*The task:* An exact reproduction is required of the lines from the beginning of the entries through the line with "Ron Serber, Director", pictures excluded and nothing added.

*Supplied material:*
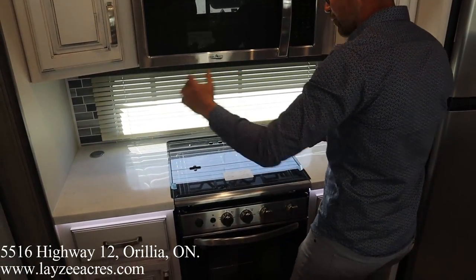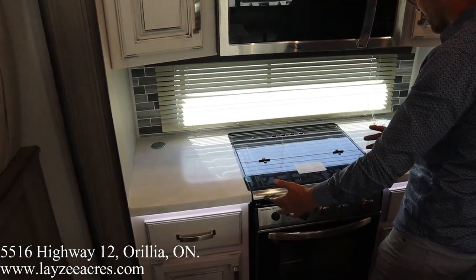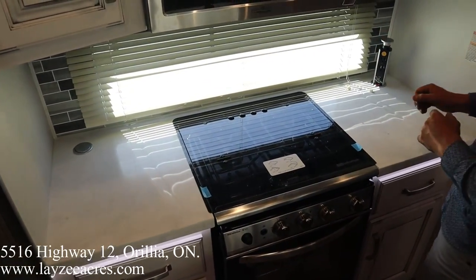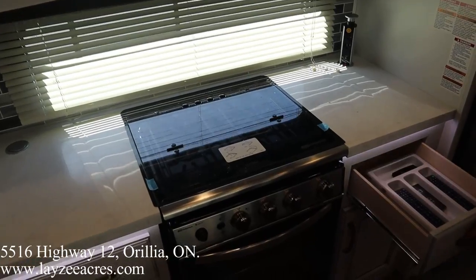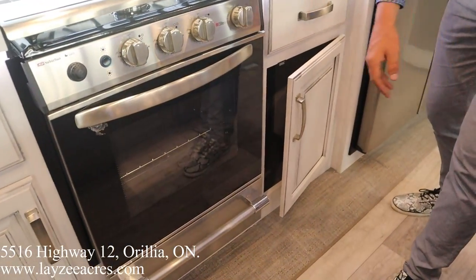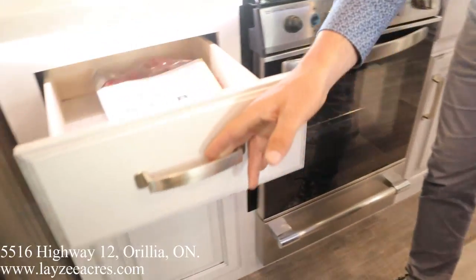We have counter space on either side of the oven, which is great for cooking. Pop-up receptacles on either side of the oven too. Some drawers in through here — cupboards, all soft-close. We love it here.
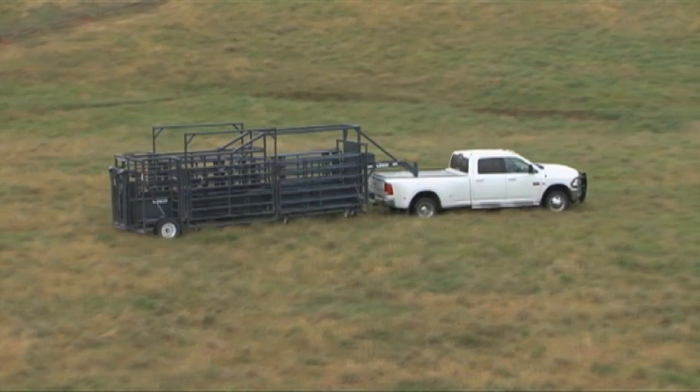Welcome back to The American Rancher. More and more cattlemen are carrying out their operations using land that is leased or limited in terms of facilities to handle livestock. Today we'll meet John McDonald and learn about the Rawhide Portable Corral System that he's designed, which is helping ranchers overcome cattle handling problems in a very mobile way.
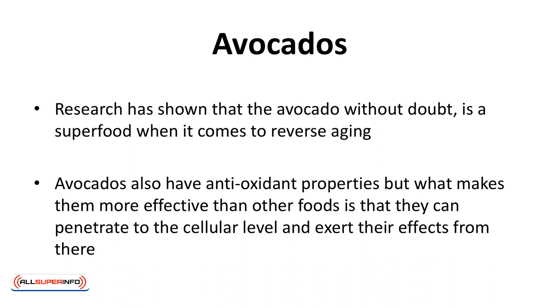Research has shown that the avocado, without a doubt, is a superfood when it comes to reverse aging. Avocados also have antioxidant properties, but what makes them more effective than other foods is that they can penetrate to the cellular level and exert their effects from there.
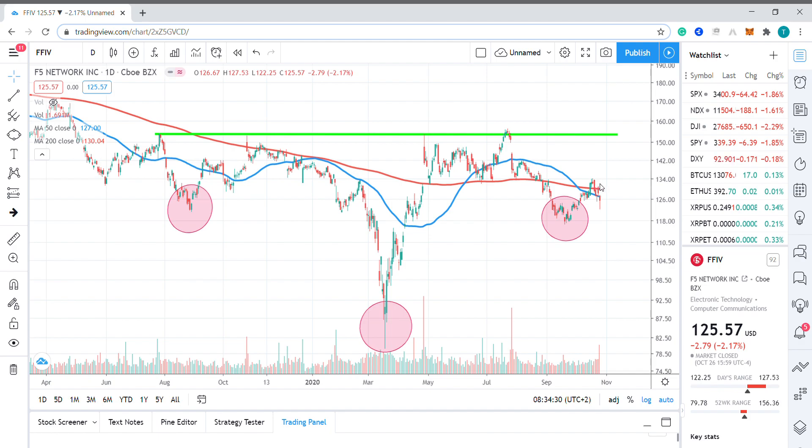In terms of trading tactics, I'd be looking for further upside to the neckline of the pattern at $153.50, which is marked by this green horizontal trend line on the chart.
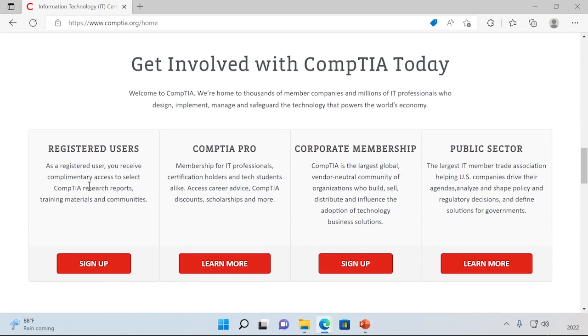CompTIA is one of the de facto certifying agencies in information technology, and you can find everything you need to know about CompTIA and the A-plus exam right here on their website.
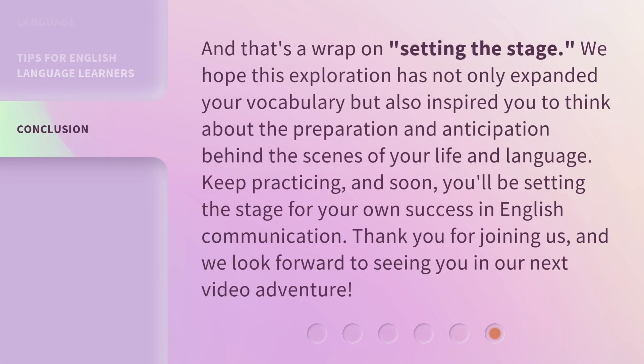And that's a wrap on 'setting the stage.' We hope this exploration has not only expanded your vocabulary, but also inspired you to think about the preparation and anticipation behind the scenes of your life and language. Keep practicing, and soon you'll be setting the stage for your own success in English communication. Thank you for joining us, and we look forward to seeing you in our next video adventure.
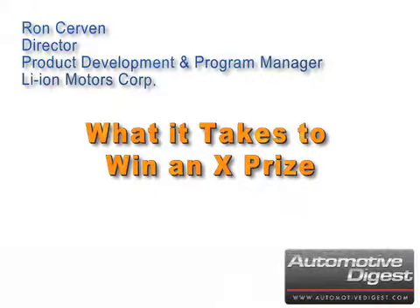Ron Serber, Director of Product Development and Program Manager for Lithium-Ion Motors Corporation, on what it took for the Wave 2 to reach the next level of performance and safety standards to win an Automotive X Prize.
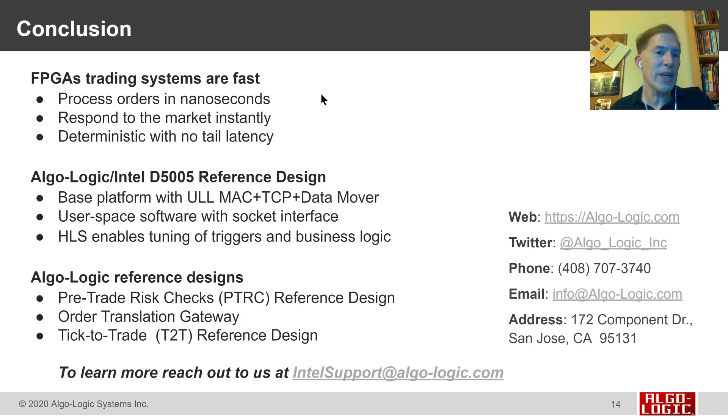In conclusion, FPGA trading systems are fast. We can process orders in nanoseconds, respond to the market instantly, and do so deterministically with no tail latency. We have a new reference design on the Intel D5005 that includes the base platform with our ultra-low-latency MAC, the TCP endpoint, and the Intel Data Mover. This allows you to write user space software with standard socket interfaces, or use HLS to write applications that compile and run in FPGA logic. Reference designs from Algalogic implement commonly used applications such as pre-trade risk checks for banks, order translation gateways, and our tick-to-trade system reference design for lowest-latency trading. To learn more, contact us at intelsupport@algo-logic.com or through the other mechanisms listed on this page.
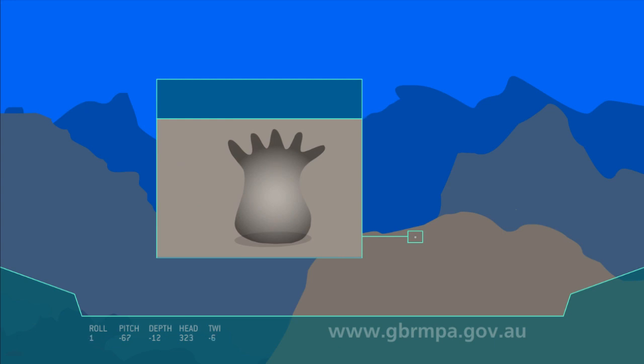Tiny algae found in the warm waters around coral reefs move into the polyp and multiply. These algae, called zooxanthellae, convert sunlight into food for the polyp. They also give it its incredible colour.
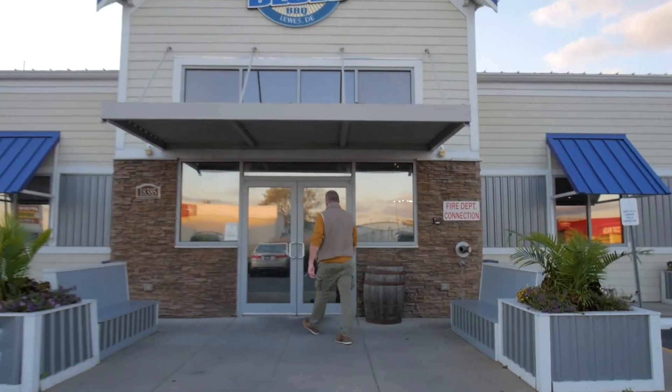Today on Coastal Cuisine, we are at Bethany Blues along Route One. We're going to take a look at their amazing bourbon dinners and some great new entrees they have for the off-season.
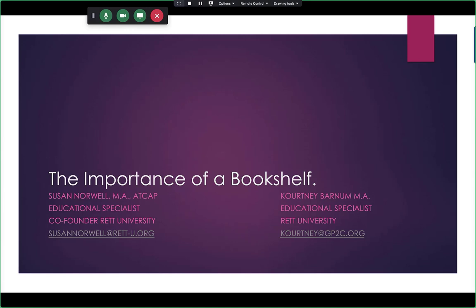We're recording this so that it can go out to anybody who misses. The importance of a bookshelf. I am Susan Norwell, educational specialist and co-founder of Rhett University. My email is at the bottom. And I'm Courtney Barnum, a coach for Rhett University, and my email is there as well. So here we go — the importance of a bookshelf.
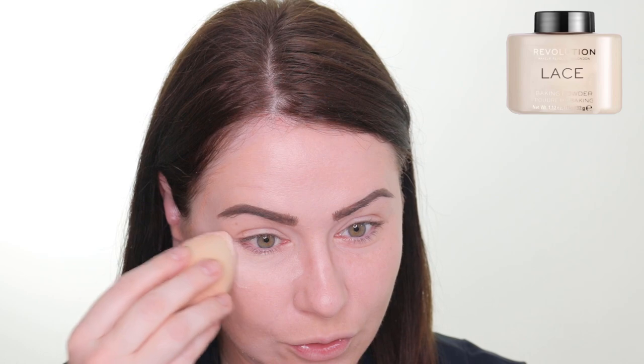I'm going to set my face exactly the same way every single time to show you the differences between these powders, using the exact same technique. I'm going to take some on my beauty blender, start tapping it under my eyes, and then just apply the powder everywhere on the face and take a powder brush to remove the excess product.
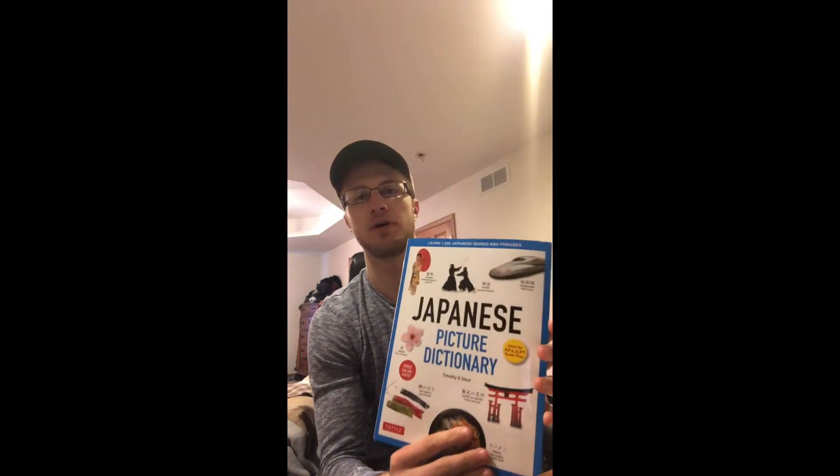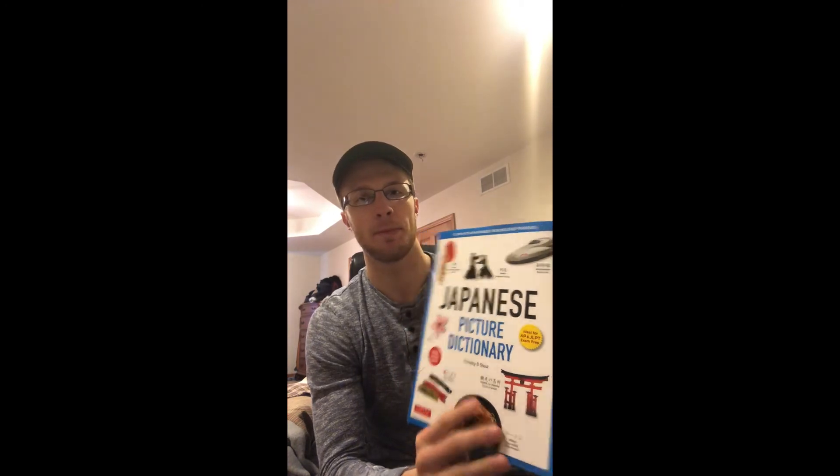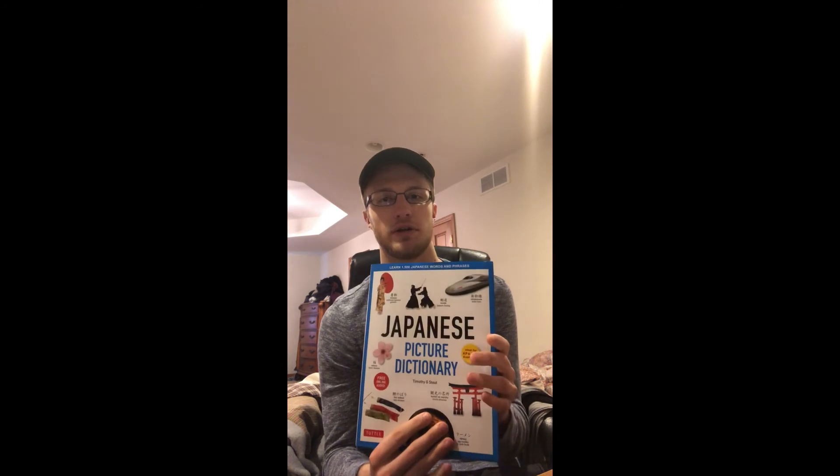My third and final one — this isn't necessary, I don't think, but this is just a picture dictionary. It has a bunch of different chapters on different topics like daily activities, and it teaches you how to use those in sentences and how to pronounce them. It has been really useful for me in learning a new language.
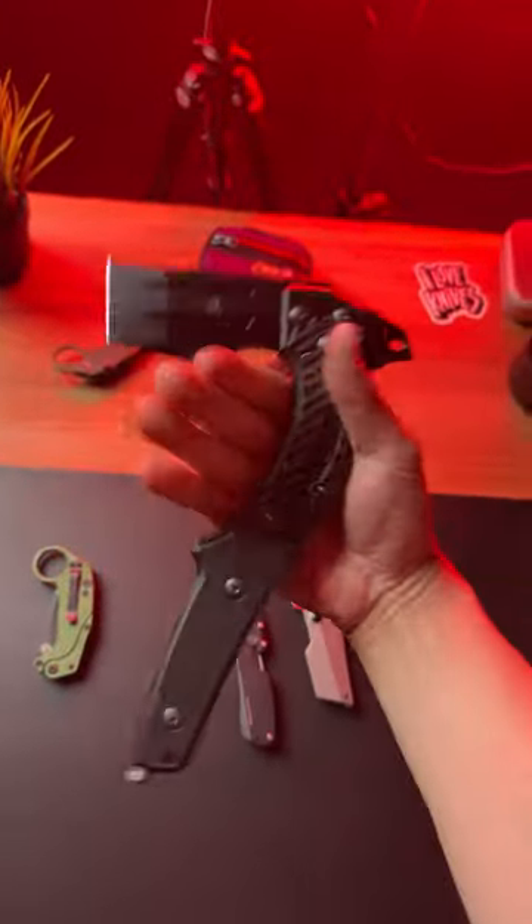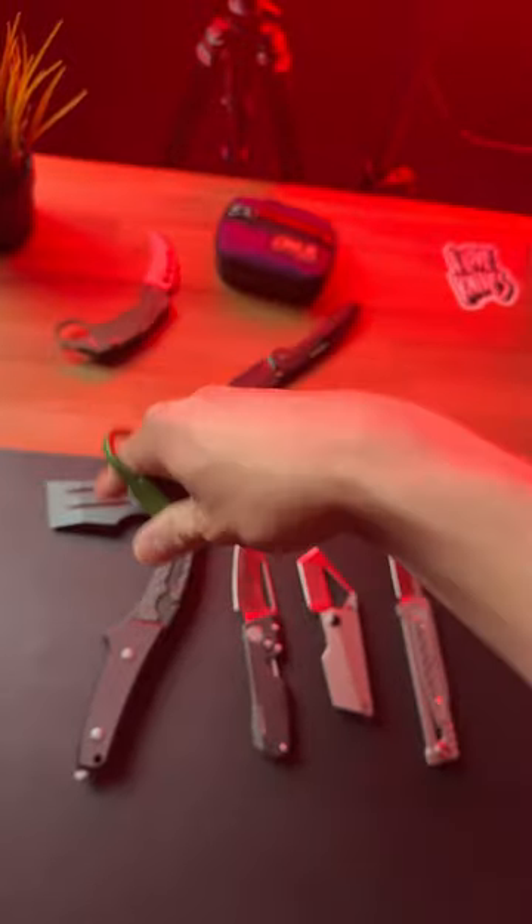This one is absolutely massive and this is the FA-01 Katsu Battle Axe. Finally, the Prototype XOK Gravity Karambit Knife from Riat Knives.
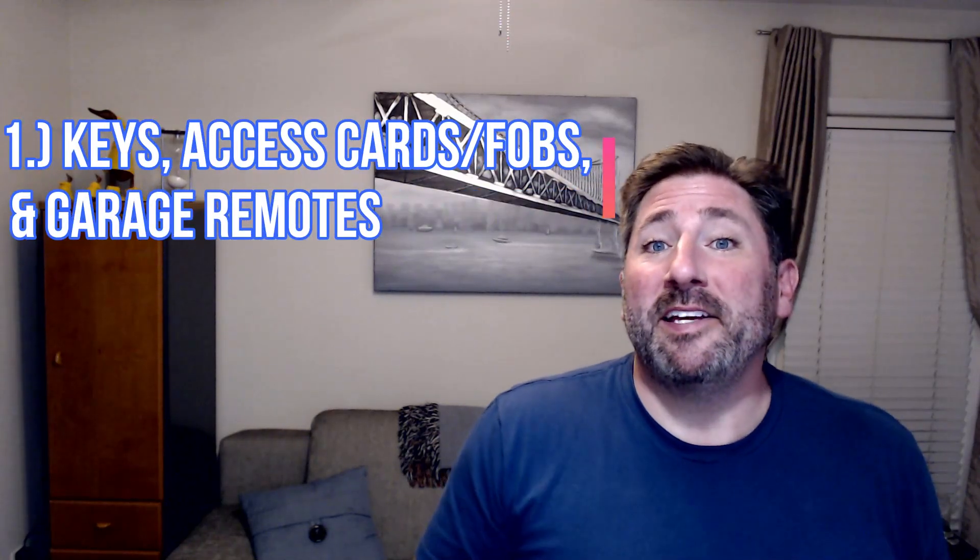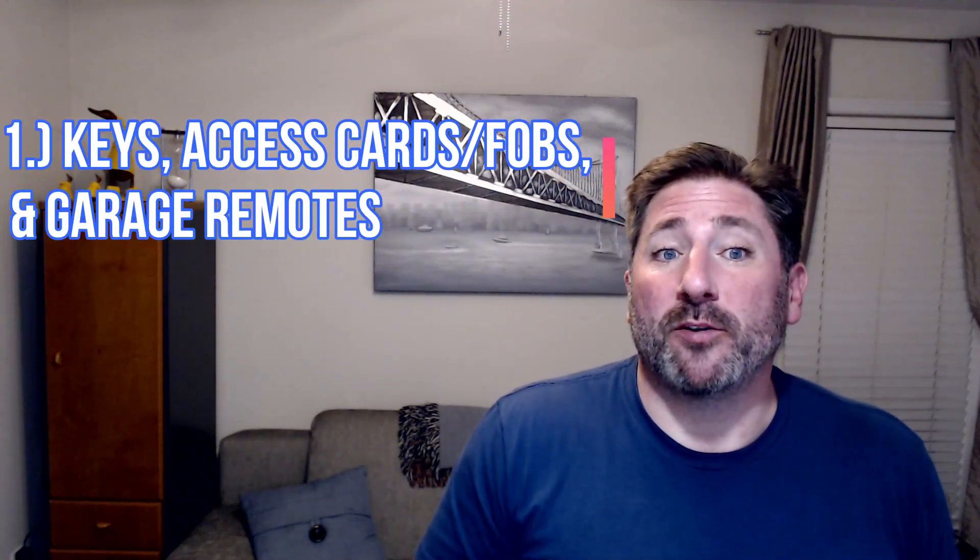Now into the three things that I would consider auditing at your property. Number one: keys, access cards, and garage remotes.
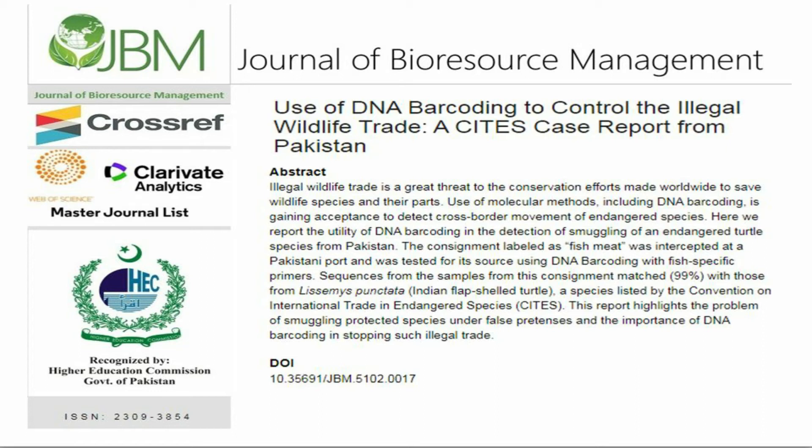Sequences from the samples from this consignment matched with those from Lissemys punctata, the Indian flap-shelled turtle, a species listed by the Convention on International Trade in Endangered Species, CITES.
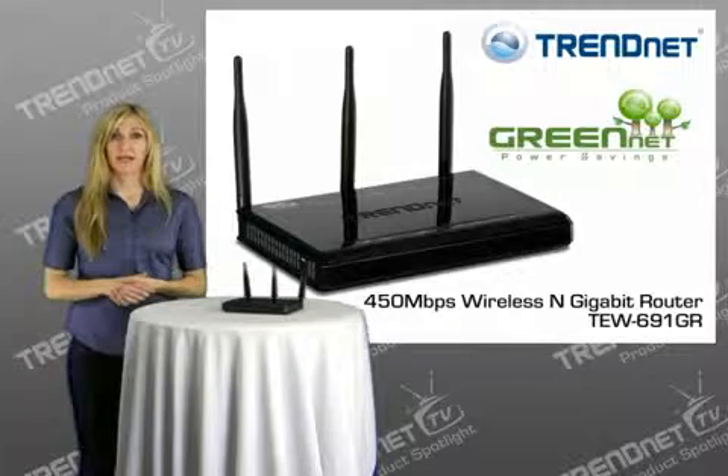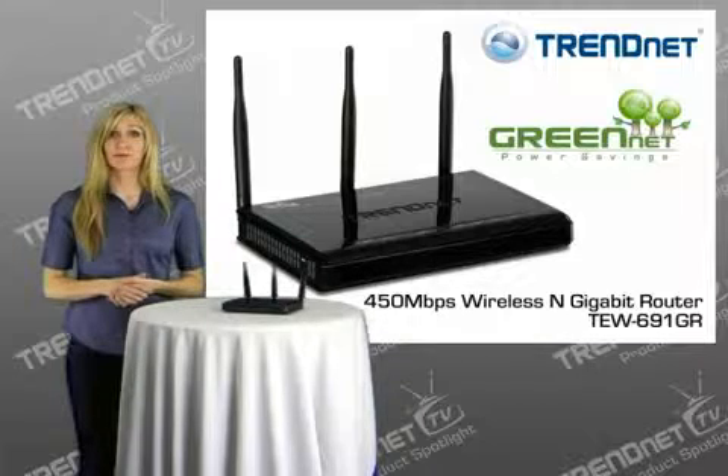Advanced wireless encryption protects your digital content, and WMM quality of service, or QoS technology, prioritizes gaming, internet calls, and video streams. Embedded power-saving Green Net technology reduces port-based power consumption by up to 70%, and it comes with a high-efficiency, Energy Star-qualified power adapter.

*Task answer:*
We have counter space on either side of the oven, which is great for cooking. Pop-up receptacles on either side of the oven too. Some drawers in through here — cupboards, all soft-close. We love it here.
Welcome back to The American Rancher. More and more cattlemen are carrying out their operations using land that is leased or limited in terms of facilities to handle livestock. Today we'll meet John McDonald and learn about the Rawhide Portable Corral System that he's designed, which is helping ranchers overcome cattle handling problems in a very mobile way.
Research has shown that the avocado, without a doubt, is a superfood when it comes to reverse aging. Avocados also have antioxidant properties, but what makes them more effective than other foods is that they can penetrate to the cellular level and exert their effects from there.
In terms of trading tactics, I'd be looking for further upside to the neckline of the pattern at $153.50, which is marked by this green horizontal trend line on the chart.
CompTIA is one of the de facto certifying agencies in information technology, and you can find everything you need to know about CompTIA and the A-plus exam right here on their website.
And that's a wrap on 'setting the stage.' We hope this exploration has not only expanded your vocabulary, but also inspired you to think about the preparation and anticipation behind the scenes of your life and language. Keep practicing, and soon you'll be setting the stage for your own success in English communication. Thank you for joining us, and we look forward to seeing you in our next video adventure.
Ron Serber, Director of Product Development and Program Manager for Lithium-Ion Motors Corporation, on what it took for the Wave 2 to reach the next level of performance and safety standards to win an Automotive X Prize.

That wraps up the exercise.